** Data follows **
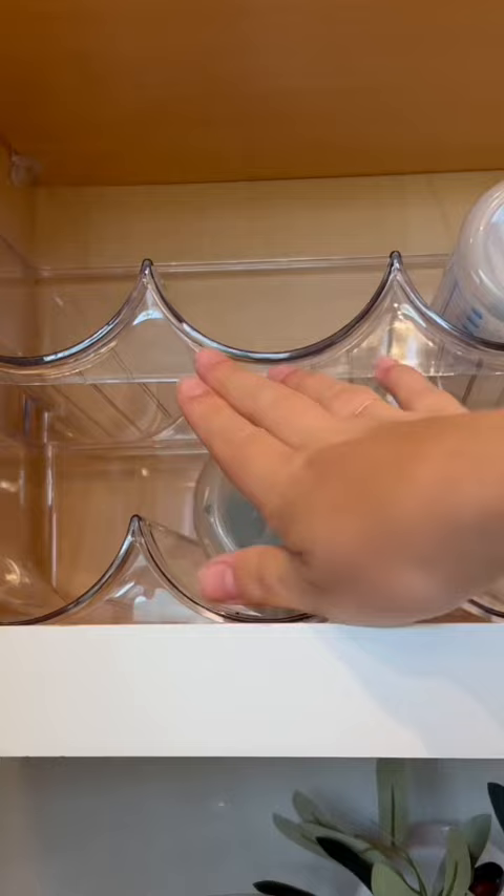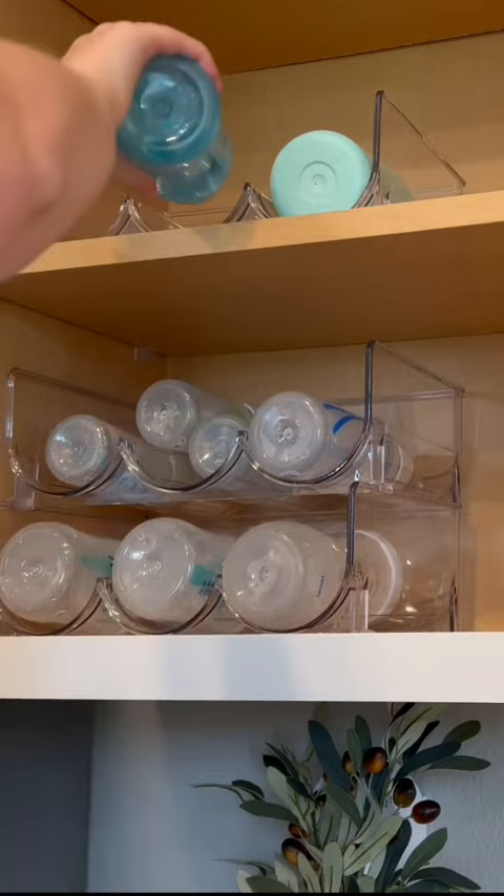Lastly is this water bottle holder. It's great for keeping all of your water bottles and parts in one place. I use this for my kids' bottles and sippy cups, but of course you can have multiple uses. My name is Kenzie and don't forget to subscribe for more home content like this.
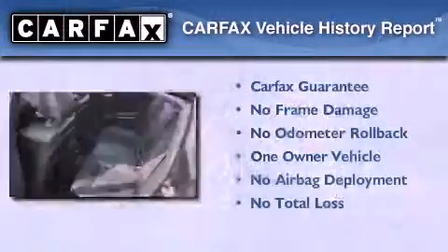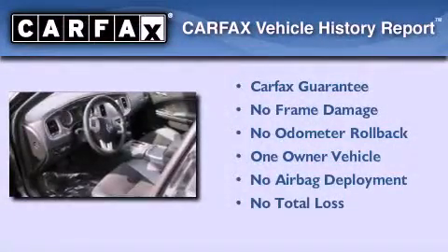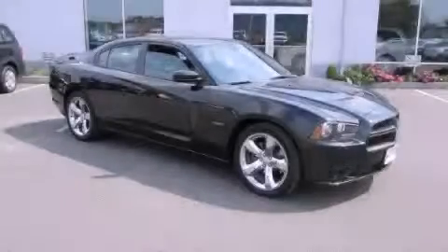This Dodge has had only one owner and it qualifies for the Carfax buy-back guarantee. Stop by today and test drive this automobile for yourself.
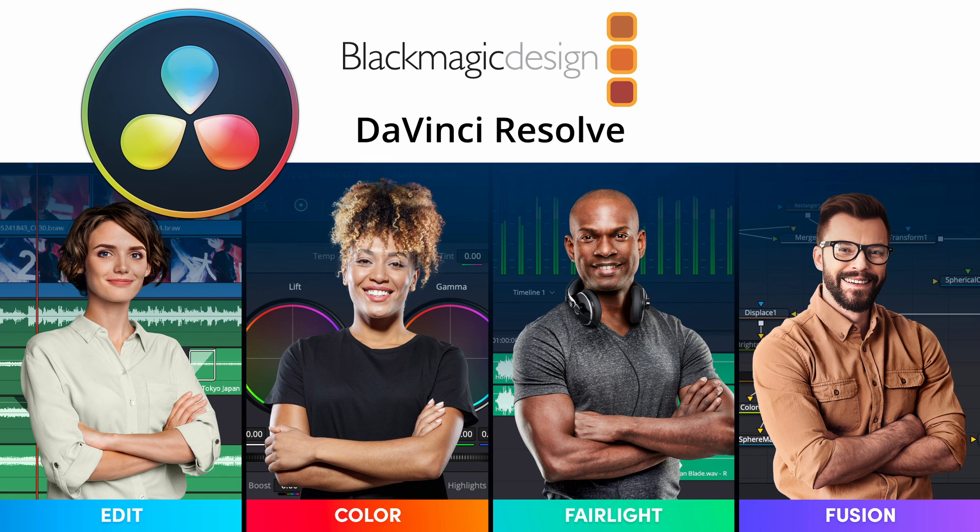Blackmagic Design's DaVinci Resolve is the world's only solution that combines editing, color correction, visual effects, motion graphics, and audio post-production all in one software tool.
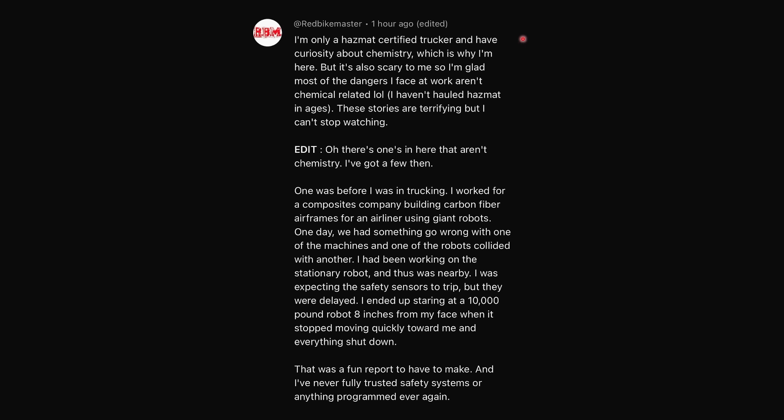That is very sketchy. I know there are some ways to do pipe repairs where they essentially blow up and cure a liner into an existing pipe for exactly cases like this. I don't know if that would be applicable here, because it sounds like there's some substantial damage to the soil underneath, or at least there could be. I'm only a hazmat-certified trucker with curiosity about chemistry, which is why I'm here, but it's also scary to me — I'm glad most of the dangers I face at work aren't chemical-related. These stories are terrifying, but I can't stop watching.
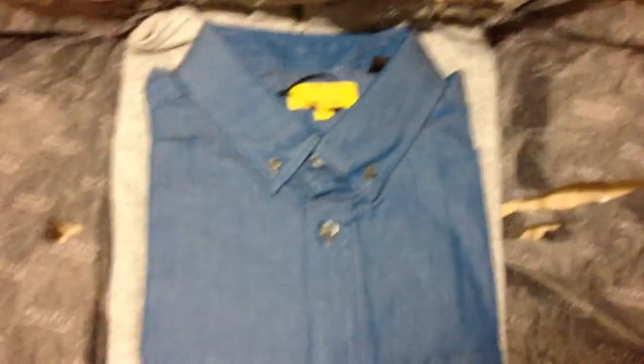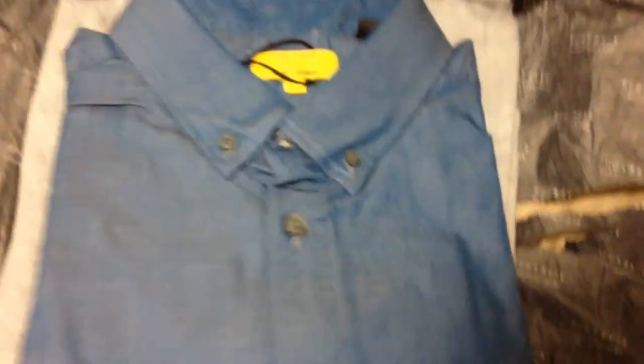Usually they send me like a shirt, socks, pants, flannels, sweatshirts. I got a jacket once, and even swimming trunks — so yeah, they send me pretty much almost anything. They even sent me a belt. Here's my confirmation sheet, you know, letting me know if I want to send it back or whatnot.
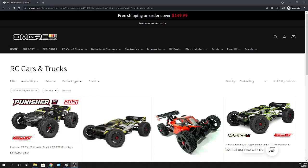Hey, what's going on guys? Joe with OMGRC.com. Welcome and I got a deal for you today.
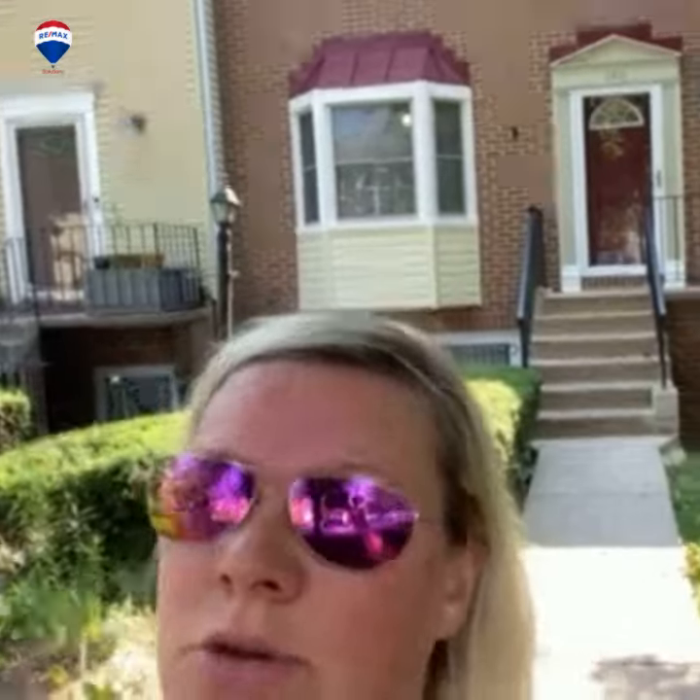Hey guys, out here at 146 Cattle Court in Windsor Mill. Such a cute townhouse. Let's go check it out.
** End of Data **
The response should consist of the lines above from the first through the one containing "Blackmagic Design's DaVinci", transcribed exactly, with every picture left out.

Lastly is this water bottle holder. It's great for keeping all of your water bottles and parts in one place. I use this for my kids' bottles and sippy cups, but of course you can have multiple uses. My name is Kenzie and don't forget to subscribe for more home content like this.
This Dodge has had only one owner and it qualifies for the Carfax buy-back guarantee. Stop by today and test drive this automobile for yourself.
Blackmagic Design's DaVinci Resolve is the world's only solution that combines editing, color correction, visual effects, motion graphics, and audio post-production all in one software tool.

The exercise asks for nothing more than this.